> _WHAT YOU NEED TO DO_:
Go to the line containing "TRULY Jelly Booster" and retype it and every later line exactly as written, up to the last line of the entries. Keep pictures out.

-- DATA EXTRACT follows --

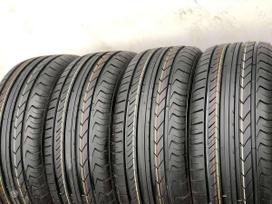 Torque, summer 215/60 R16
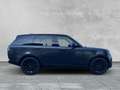 Land Rover Range Rover SWB Autobiography P530 AUTOBIOGRAPHY STDHZG+23LMF Grau - thumbnail 6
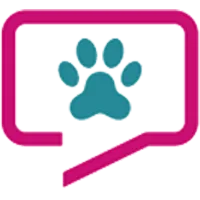 AniCura Vennesla Dyreklinikk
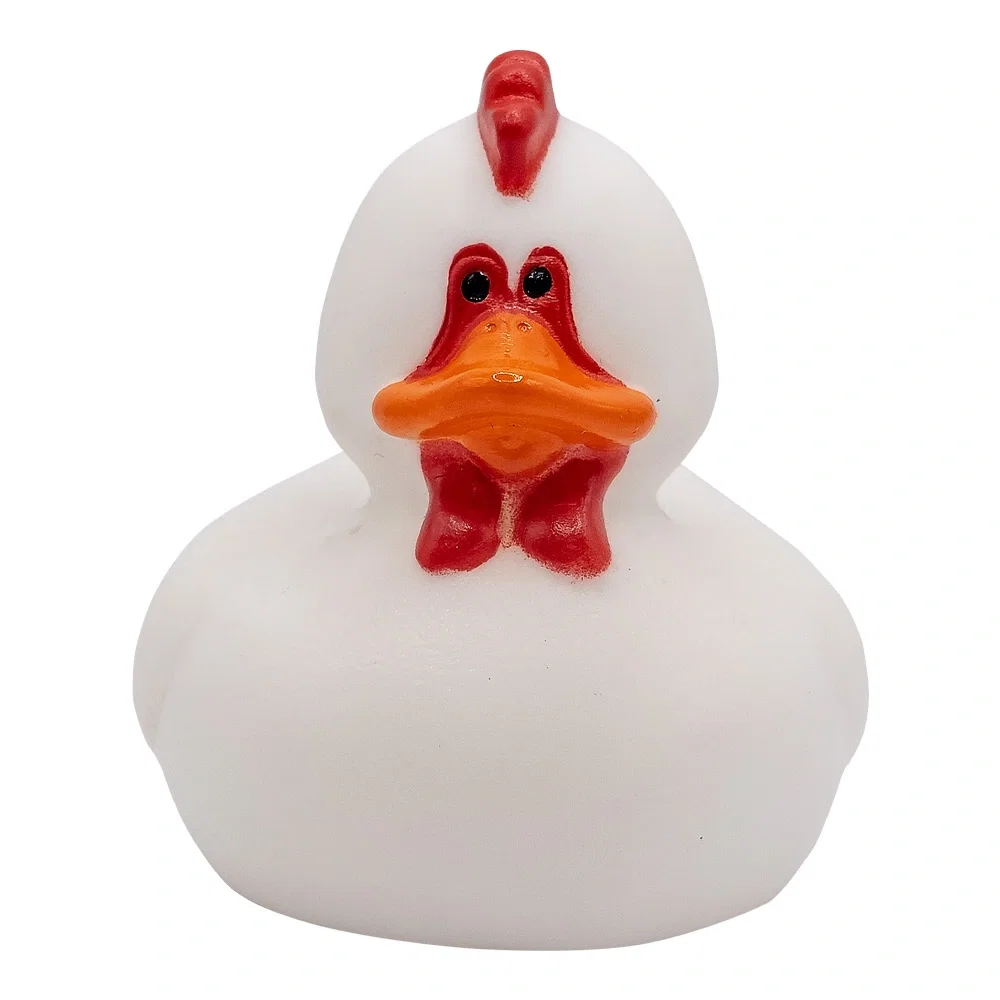 Mini Chicken Duck — view 4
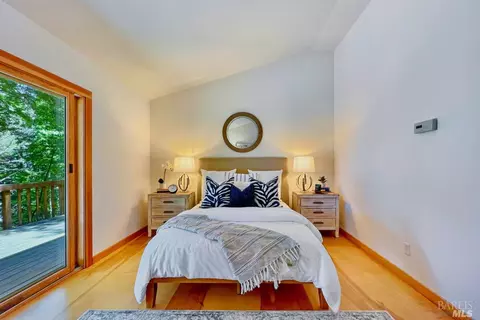 78 Magic Mountain Rd, Cazadero, CA 95421 photo 35
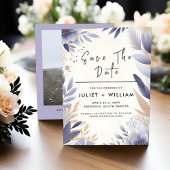 HerbstFrühjahrsfeier Save The Date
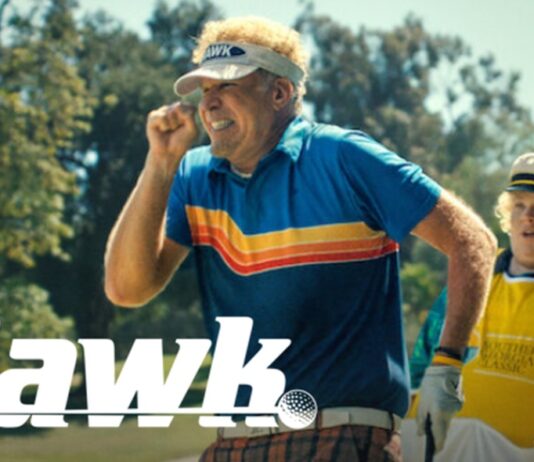 the hawk saison 2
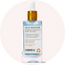 TRULY Jelly Booster Pigment Treatment Body Potion - 90ml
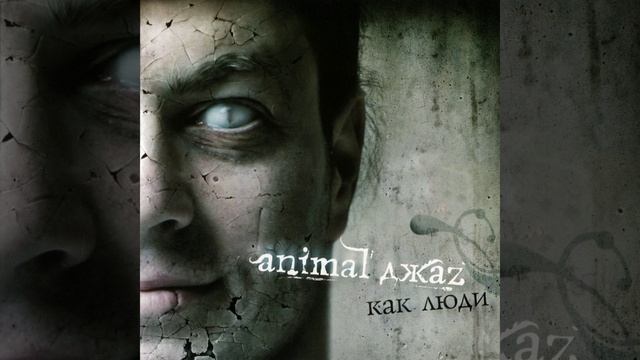 Полиэтилен смотреть онлайн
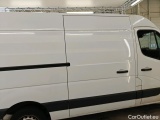  Opel  Movano Opel  L2H2 2.3CDTI 99kW 3.3T 4d #11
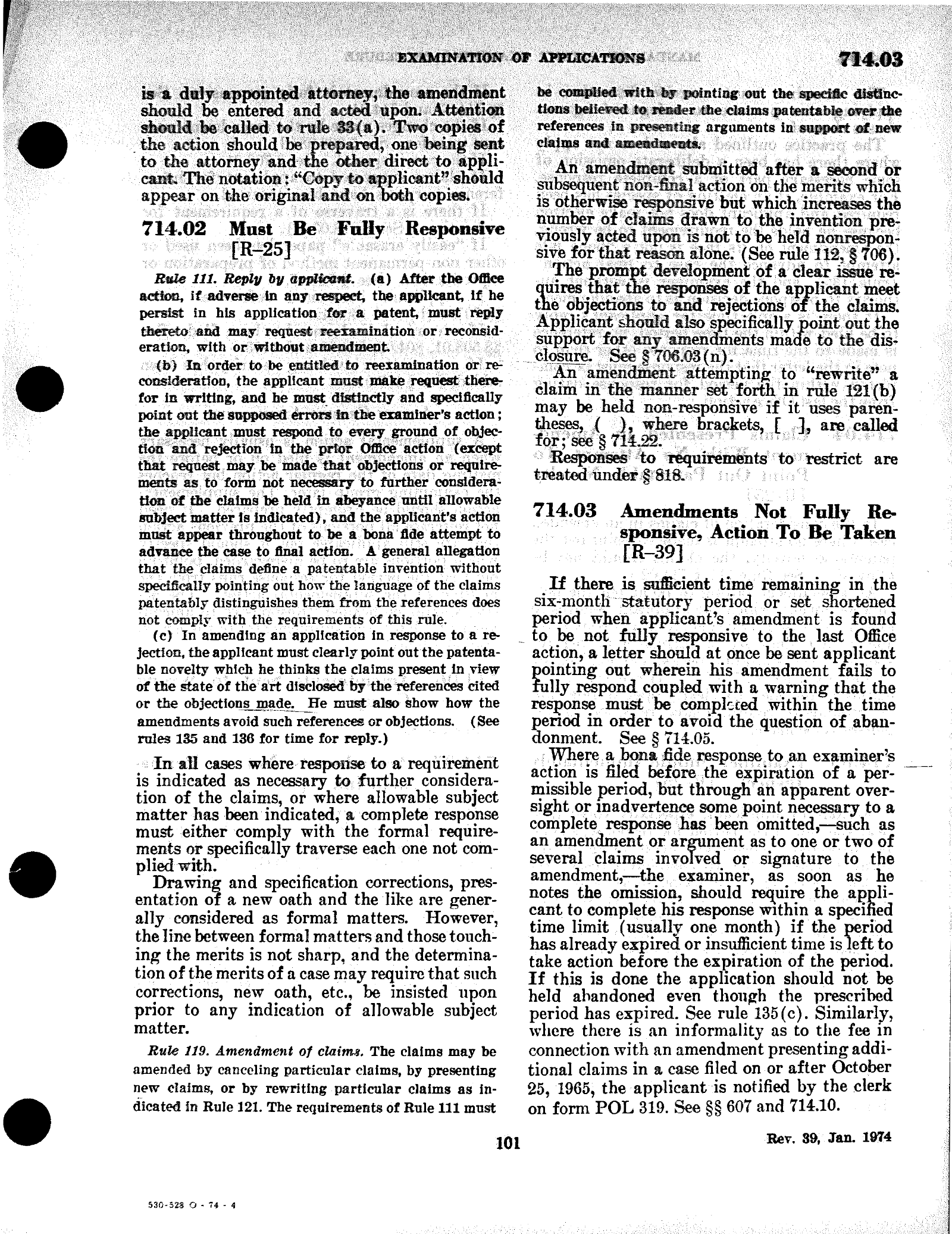 Complete printed PDF page 67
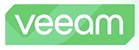 Veeam1
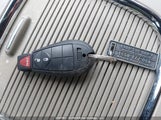 Dodge Grand Caravan Se 2C4RDGBG7ER377646 снимка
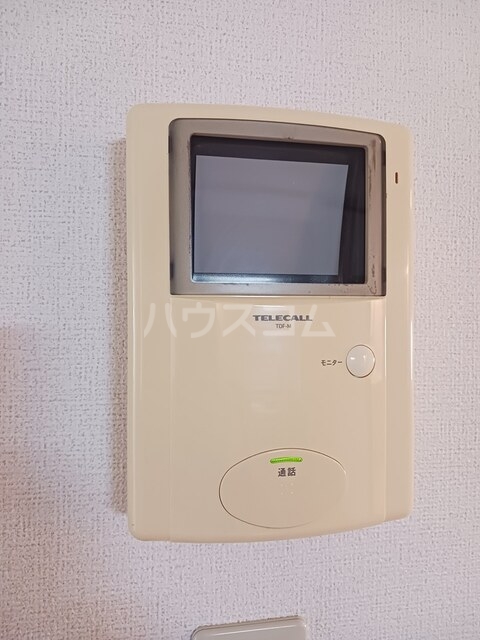 12/21 その他画像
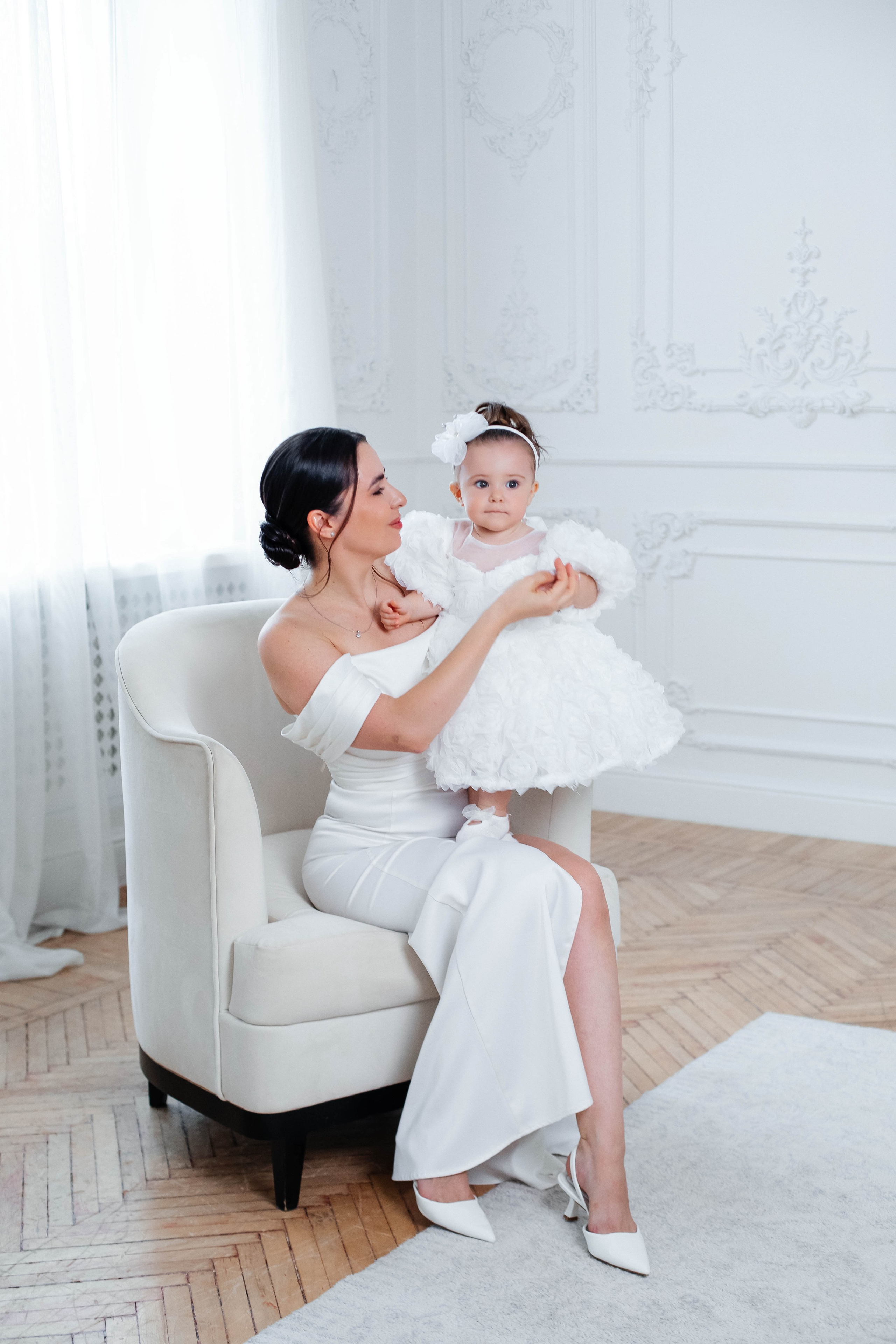 Годовасие. Https://malovafoto.ru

-- DATA EXTRACT concluded --

> _ANSWER TO THIS TASK_:
 TRULY Jelly Booster Pigment Treatment Body Potion - 90ml
 Полиэтилен смотреть онлайн
  Opel  Movano Opel  L2H2 2.3CDTI 99kW 3.3T 4d #11
 Complete printed PDF page 67
 Veeam1
 Dodge Grand Caravan Se 2C4RDGBG7ER377646 снимка
 12/21 その他画像
 Годовасие. Https://malovafoto.ru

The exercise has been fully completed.